Week 1 ML Flashcards
Scientific Approach
- Systematic pursuit of knowledge
- Logical steps: Problem - Hypotheses
- Data collection: Observation of behaviour or experimentation
- Test hypotheses and draw conclusions
Research Methods
The systematic approach to answering questions
Statistics
- Numbers that summarise observations
- Mathematical procedures to produce those numbers
Scientific Method
- Theory
- Hypothesis
- Exp/Observe (research methods)
- Evidence (statistics)
- Theory
Testing hypothesis
- Reproducible observation of the hypothesised effect in action
- Controlled (reproducible) circumstances
- Empirically observed
- Variables measured and/or controlled
- Alternative explanations controlled/eliminated
- Observation/interpretation is unbiased
The scientist practitioner model
Furthers understanding through research
• Consumers of research
• Evidence-based practice
• Inform own practice and methodology
Scientific Enquiry
- Choose something to observe
- Choose method of observation
- Describe observations
- Identify variation in observations
- Explain variations
Types of data
Categorical
- > Nominal
- > Ordinal
Continuous
- > Interval
- > Ratio
Nominal data
refers only to identity information, that is values are ascribed that have no inherent order, or magnitude.

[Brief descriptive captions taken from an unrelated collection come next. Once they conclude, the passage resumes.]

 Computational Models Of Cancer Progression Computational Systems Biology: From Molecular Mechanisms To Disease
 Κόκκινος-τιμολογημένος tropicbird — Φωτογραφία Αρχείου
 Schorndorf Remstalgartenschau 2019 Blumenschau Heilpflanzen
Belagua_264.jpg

For example, gender, nationality, or the number assigned in a race are all types of nominal data
-> names of things without meaning
Ordinal data
describes identity, but has magnitude.
For example, medal positions in a race are types of ordinal data. They have a sequential order (the gold medalist beat the silver medalist beat the bronze medalist), but this measure doesn’t tell us anything about the interval between each competitor, they are categorised as 1 - 2 - 3
-> data that is ordered without fixed intervals
Interval data
a continuous type of variable, measuring identity and magnitude and fixed intervals between units of measurement.
For example, temperature. Here, the difference between 20 degrees and 30 degrees is the same as between 60 degrees and 70 degrees. We can order our data points by magnitude as we do with ordinal data, but we can also quantify the amount of difference between data points.

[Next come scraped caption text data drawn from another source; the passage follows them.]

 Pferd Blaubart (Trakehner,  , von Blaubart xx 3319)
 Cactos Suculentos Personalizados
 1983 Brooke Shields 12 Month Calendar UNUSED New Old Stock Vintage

-> data that has fixed intervals allowing us to order it
Ratio data
identity, magnitude, fixed interval and there is a true zero.
For example, the time a race is run cannot be a negative value.
-> time, height, where there are fixed intervals but there is a “true zero” which the data can not run under
Descriptive statistics
- Each observation is a “Datum”: Plural is “Data”
- A bunch of data is often called a “Data Set”
- Different types of data are analysed in different ways
- Most basic description is how frequently similar observations occurred
- Easiest description to follow is a picture
Data through pictures
- Bar graph
- Line graph
- Pie chart
- Scatter Plot
Categorical data through pictures
- Pie chart
- Bar graph
Continuous data through pictures
- Histogram
- Box plot
Histogram components
- Title
- X label and data (bins/classes of variable)
- Y label and data (frequency/total)
Negative skew
skewed to the left.
There are more points towards the higher end of the x axis.
-> right side higher
Positive skew
skewed to the right.
There are more points towards the lower end of the x axis
-> left side higher
Kurtosis
- Kurtosis refers to the ‘peakedness’ of a distribution, the relative concentration of values at the centre, tails or shoulders of the histogram.
- Normal distributions have the distinctive bell shaped curve.
- Positive kurtosis have an overly high concentration of values at the centre, giving a pronounced central peak.
- Negative kurtosis are much flatter, and have a less distinctive peak.
Number of peaks
1: unimodal
2: bimodal
3+: multimodal
Spread
We can have distributions that give the histogram a thinner or thicker appearance. This would tell us that our participants vary very little, or vary more. Again - we can use pictures with numbers to describe the spread of data.
Deviations from pattern
- Outliers
Shape
- skew
- kurtosis
- ## peaks